*Directions for this task*. In the entries below, find the line with "Men Casual, Formal, Party" and print exactly every line from there up to and including the line with "- Peinture encadrée", with no other lines.

*Dataset entries*.
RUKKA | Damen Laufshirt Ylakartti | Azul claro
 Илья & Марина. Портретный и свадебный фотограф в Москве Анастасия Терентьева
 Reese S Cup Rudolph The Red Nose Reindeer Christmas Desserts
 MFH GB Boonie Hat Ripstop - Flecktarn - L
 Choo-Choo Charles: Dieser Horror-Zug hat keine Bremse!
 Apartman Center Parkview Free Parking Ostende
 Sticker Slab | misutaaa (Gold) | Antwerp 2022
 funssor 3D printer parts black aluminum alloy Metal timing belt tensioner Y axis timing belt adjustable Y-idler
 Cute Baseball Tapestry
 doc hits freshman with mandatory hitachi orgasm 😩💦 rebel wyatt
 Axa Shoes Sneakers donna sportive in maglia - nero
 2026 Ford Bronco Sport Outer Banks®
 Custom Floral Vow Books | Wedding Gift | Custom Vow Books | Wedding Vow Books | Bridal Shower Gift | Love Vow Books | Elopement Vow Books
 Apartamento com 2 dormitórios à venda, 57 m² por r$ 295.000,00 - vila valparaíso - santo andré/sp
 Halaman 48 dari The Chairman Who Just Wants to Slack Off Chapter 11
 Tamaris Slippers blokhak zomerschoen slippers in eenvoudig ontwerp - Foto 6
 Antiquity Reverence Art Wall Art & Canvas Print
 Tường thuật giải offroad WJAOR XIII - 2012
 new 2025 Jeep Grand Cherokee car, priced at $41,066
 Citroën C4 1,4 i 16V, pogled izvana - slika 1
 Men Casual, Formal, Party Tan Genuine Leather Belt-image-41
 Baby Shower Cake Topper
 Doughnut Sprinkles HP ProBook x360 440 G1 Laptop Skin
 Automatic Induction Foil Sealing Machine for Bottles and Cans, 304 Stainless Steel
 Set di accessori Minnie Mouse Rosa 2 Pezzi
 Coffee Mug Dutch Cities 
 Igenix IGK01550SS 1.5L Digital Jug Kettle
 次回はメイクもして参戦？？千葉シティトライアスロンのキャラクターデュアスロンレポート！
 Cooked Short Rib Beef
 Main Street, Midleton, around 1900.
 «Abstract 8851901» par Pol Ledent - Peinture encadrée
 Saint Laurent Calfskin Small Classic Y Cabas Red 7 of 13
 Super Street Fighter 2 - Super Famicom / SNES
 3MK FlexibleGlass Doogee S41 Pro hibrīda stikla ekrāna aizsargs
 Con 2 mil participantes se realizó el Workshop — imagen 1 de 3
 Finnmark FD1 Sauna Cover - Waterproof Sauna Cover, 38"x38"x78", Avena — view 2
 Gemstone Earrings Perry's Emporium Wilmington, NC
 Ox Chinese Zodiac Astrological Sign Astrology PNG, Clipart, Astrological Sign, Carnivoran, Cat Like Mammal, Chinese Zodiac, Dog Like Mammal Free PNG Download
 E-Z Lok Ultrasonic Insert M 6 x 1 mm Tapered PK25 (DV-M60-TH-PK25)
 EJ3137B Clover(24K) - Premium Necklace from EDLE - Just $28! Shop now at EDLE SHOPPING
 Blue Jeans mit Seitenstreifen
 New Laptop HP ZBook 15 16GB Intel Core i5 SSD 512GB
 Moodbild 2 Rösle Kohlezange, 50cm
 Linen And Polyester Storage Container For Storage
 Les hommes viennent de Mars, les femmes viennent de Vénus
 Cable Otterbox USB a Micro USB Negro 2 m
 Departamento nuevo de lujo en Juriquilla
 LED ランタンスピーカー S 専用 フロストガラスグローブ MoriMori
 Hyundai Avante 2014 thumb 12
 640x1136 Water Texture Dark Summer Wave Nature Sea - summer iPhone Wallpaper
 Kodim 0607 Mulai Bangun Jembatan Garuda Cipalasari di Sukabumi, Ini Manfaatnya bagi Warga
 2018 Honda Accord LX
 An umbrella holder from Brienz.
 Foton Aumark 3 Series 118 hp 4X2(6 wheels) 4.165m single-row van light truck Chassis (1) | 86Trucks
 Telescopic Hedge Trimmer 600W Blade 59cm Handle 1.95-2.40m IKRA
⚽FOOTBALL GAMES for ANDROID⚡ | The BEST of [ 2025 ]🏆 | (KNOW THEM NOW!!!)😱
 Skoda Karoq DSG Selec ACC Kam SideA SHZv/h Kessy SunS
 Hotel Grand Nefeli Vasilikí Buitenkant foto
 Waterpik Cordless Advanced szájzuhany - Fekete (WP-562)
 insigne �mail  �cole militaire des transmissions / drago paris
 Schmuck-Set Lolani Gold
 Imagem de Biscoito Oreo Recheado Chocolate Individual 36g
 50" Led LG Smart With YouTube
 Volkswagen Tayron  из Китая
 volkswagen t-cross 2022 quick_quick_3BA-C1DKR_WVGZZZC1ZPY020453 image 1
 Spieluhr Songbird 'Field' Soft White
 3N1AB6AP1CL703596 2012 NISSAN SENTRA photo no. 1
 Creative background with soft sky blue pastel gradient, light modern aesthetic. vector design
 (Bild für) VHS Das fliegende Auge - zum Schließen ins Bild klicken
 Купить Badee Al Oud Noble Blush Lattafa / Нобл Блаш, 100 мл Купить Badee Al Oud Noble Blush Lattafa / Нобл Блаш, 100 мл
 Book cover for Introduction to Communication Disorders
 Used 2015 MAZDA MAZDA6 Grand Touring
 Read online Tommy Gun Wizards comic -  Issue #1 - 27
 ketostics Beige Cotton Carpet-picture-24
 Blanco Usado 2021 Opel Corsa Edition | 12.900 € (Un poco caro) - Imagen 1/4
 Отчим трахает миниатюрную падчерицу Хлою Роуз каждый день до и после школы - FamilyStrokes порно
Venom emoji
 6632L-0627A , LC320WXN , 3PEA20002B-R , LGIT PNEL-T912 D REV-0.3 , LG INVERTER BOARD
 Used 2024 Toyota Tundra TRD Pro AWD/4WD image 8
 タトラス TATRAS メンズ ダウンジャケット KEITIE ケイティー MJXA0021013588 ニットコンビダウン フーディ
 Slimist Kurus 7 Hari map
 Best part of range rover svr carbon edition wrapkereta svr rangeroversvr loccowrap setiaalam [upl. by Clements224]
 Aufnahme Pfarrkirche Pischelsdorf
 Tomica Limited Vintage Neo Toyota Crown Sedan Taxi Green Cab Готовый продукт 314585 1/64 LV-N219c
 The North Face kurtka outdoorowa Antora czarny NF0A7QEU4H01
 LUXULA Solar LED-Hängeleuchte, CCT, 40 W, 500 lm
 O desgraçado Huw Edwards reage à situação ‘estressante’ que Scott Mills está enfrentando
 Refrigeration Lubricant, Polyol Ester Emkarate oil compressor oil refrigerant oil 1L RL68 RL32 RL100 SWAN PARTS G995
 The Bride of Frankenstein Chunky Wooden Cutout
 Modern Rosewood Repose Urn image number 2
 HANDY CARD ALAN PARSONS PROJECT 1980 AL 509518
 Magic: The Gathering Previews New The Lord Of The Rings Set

*Written reply*.
 Men Casual, Formal, Party Tan Genuine Leather Belt-image-41
 Baby Shower Cake Topper
 Doughnut Sprinkles HP ProBook x360 440 G1 Laptop Skin
 Automatic Induction Foil Sealing Machine for Bottles and Cans, 304 Stainless Steel
 Set di accessori Minnie Mouse Rosa 2 Pezzi
 Coffee Mug Dutch Cities 
 Igenix IGK01550SS 1.5L Digital Jug Kettle
 次回はメイクもして参戦？？千葉シティトライアスロンのキャラクターデュアスロンレポート！
 Cooked Short Rib Beef
 Main Street, Midleton, around 1900.
 «Abstract 8851901» par Pol Ledent - Peinture encadrée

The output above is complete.